> _Required work_: Repeat the lines from the line with "سماعه اذن لضعف السمع" to the line with "Splendid & Renovated" in the listing below, keeping both end lines and adding nothing.

> _Records to use_:
================================
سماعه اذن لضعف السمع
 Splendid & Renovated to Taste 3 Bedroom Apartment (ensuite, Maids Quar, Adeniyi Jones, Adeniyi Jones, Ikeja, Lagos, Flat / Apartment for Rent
================================
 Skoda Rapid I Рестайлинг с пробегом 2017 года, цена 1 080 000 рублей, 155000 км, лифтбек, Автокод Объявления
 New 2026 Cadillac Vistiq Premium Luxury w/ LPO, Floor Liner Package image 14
================================
> _Output of the exercise_:
سماعه اذن لضعف السمع
 Splendid & Renovated to Taste 3 Bedroom Apartment (ensuite, Maids Quar, Adeniyi Jones, Adeniyi Jones, Ikeja, Lagos, Flat / Apartment for Rent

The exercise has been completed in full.